Required contract terms: NYHIPA includes specific contract requirements for service providers, unique among the other health-specific state privacy laws. While the required contract terms largely mirror those required by the CCPA regulations, there are some differences, such as a requirement to notify a regulated entity in advance prior to transferring regulated health information to other service providers.

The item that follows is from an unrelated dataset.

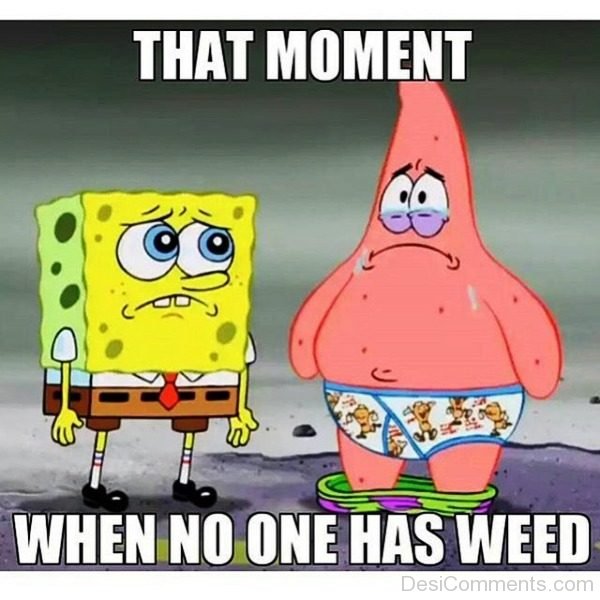 That Moment When No One Has Weed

Security requirements: Different from Washington and Nevada, NYHIPA explicitly requires regulated entities to develop and maintain physical, technical, and administrative safeguards to protect regulated health information, and also requires regulated health information be deleted pursuant to a public retention schedule no later than 60 days after it is no longer necessary to maintain for the purpose of collection and processing.

Enforcement:

NYHIPA provides the New York attorney general with enforcement authority, and also provides authority to promulgate implementing regulations. Potential rulemaking could offer clarity for regulated entities subject to compliance with this law, particularly related to open questions regarding the law’s scope and applicability.

Conclusion:

Though NYHIPA shares many similarities with other health-related state privacy laws passed in the previous two years, its broad scope, ambiguous definitions, and stringent consent requirements may prove to create compliance challenges for regulated entities. Because of NYHIPA’s potentially broad applicability, companies across the U.S. should closely monitor NYHIPA’s progression.